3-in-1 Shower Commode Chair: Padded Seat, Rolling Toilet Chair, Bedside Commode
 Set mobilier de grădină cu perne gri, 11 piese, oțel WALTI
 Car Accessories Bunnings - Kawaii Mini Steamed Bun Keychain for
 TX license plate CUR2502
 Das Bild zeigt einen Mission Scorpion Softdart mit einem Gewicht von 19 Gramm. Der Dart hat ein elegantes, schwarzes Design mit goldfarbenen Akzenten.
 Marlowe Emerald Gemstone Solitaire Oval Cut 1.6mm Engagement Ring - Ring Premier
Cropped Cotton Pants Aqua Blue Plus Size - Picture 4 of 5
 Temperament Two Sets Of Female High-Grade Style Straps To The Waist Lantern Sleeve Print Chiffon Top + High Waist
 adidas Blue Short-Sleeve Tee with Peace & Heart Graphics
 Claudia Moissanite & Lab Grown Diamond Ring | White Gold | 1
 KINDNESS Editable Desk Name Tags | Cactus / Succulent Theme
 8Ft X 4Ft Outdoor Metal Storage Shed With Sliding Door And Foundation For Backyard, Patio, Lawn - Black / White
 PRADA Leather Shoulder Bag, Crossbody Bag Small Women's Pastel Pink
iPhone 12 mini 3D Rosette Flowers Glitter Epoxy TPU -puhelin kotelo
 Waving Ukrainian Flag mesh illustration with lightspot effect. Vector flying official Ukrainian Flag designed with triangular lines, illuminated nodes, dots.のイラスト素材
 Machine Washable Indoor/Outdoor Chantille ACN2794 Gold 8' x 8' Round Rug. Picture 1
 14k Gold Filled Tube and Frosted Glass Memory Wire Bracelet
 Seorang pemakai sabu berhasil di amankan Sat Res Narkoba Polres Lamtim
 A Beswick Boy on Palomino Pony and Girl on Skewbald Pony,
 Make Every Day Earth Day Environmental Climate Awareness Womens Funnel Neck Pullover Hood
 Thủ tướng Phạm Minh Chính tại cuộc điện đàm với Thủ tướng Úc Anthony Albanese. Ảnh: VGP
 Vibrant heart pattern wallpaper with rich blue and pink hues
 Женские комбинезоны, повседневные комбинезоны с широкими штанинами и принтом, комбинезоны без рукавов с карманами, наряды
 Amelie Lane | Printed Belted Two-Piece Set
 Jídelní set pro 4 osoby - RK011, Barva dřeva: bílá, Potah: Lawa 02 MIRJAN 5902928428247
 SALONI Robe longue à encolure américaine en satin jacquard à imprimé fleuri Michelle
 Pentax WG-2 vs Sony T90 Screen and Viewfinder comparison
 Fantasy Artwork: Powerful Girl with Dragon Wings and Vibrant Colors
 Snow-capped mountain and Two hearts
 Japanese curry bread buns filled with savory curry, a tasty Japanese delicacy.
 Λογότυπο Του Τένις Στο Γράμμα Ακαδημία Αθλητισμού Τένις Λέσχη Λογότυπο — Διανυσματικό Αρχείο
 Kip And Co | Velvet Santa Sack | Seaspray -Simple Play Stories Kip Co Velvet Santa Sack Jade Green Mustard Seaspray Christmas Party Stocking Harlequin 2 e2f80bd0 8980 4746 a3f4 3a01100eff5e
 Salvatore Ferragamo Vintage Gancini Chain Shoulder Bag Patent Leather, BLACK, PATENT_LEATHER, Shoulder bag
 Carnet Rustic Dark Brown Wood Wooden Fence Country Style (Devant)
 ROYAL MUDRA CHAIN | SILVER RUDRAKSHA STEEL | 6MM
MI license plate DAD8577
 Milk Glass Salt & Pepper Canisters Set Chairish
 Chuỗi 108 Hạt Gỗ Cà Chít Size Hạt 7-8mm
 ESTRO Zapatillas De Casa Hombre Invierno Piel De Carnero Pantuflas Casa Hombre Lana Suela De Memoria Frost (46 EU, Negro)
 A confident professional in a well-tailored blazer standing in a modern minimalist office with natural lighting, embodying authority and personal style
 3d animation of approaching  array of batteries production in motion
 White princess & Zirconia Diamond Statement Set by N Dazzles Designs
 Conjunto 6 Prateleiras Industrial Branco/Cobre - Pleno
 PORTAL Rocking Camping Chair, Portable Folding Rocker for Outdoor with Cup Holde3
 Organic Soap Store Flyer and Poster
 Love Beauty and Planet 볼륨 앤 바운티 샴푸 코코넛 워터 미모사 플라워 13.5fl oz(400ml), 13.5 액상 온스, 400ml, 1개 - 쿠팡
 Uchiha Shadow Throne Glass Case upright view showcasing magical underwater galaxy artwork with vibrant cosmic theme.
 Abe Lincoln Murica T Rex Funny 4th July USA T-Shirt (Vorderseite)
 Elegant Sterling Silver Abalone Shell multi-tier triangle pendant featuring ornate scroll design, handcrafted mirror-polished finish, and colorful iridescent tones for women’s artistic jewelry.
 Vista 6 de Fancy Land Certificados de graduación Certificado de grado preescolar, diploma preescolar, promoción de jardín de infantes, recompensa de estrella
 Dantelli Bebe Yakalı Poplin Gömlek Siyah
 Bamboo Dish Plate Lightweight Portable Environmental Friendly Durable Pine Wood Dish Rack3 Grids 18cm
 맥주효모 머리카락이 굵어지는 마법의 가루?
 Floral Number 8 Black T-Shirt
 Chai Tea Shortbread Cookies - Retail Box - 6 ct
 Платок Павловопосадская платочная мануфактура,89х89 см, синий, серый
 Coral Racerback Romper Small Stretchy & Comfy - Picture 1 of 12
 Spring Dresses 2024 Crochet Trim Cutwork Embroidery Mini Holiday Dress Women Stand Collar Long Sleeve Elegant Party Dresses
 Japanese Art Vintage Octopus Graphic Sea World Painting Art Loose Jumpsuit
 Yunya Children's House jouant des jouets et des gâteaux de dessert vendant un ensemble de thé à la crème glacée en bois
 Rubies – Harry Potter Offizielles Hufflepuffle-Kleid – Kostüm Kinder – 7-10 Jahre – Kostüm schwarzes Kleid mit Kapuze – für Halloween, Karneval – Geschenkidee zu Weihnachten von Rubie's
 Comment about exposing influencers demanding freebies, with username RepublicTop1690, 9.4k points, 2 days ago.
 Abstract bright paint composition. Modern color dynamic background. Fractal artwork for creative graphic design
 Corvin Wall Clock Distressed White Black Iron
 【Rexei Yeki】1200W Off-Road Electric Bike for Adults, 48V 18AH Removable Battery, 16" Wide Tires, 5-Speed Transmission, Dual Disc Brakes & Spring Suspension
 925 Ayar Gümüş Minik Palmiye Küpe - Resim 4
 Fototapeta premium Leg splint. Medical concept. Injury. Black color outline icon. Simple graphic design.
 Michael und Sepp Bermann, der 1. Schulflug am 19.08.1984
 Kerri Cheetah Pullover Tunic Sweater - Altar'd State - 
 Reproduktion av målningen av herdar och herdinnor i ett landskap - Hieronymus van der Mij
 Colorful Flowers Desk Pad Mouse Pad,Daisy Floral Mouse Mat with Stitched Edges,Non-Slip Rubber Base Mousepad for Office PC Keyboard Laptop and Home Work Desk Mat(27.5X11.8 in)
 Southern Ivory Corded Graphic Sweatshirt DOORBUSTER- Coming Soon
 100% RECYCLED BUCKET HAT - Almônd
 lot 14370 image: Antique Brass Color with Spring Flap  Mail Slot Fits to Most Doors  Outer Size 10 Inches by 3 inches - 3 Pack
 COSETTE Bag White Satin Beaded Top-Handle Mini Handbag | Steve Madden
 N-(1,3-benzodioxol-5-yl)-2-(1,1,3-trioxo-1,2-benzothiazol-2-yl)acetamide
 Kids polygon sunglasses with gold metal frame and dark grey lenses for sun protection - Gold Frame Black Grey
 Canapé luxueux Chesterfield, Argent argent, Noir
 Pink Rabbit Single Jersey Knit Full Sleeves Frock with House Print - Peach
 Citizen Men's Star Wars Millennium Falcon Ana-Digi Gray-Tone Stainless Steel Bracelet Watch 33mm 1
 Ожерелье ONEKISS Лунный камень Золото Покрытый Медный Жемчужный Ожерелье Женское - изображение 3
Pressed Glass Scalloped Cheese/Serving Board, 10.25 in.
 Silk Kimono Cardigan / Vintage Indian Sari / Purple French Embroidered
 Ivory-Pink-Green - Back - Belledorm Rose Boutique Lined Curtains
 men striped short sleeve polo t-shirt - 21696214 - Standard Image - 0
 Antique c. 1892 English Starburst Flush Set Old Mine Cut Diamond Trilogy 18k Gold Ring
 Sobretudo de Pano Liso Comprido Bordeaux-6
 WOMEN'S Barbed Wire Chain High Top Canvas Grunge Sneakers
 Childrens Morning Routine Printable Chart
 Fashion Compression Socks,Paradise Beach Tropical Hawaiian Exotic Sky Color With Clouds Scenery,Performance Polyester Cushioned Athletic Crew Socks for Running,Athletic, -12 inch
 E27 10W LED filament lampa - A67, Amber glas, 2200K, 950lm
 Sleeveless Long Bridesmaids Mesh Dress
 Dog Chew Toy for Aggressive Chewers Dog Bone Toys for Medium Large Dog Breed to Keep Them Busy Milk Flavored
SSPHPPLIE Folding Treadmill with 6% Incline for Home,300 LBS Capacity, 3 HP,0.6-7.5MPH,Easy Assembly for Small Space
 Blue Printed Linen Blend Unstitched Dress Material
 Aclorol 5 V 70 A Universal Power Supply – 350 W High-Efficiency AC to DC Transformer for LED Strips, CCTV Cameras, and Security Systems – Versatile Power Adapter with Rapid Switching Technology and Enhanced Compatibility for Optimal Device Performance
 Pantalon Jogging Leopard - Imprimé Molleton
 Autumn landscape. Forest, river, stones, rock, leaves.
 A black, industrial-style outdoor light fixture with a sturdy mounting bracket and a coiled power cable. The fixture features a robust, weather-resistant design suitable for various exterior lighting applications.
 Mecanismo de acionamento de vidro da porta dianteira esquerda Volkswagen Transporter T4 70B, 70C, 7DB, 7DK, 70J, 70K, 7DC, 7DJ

□ □ □ □

Exercise aim: Your task for the entries above: copy exactly the span starting with the line with "COSETTE Bag White" and going on through the line with "WOMEN'S Barbed Wire", both lines included, and nothing else.

Output for this task:
 COSETTE Bag White Satin Beaded Top-Handle Mini Handbag | Steve Madden
 N-(1,3-benzodioxol-5-yl)-2-(1,1,3-trioxo-1,2-benzothiazol-2-yl)acetamide
 Kids polygon sunglasses with gold metal frame and dark grey lenses for sun protection - Gold Frame Black Grey
 Canapé luxueux Chesterfield, Argent argent, Noir
 Pink Rabbit Single Jersey Knit Full Sleeves Frock with House Print - Peach
 Citizen Men's Star Wars Millennium Falcon Ana-Digi Gray-Tone Stainless Steel Bracelet Watch 33mm 1
 Ожерелье ONEKISS Лунный камень Золото Покрытый Медный Жемчужный Ожерелье Женское - изображение 3
Pressed Glass Scalloped Cheese/Serving Board, 10.25 in.
 Silk Kimono Cardigan / Vintage Indian Sari / Purple French Embroidered
 Ivory-Pink-Green - Back - Belledorm Rose Boutique Lined Curtains
 men striped short sleeve polo t-shirt - 21696214 - Standard Image - 0
 Antique c. 1892 English Starburst Flush Set Old Mine Cut Diamond Trilogy 18k Gold Ring
 Sobretudo de Pano Liso Comprido Bordeaux-6
 WOMEN'S Barbed Wire Chain High Top Canvas Grunge Sneakers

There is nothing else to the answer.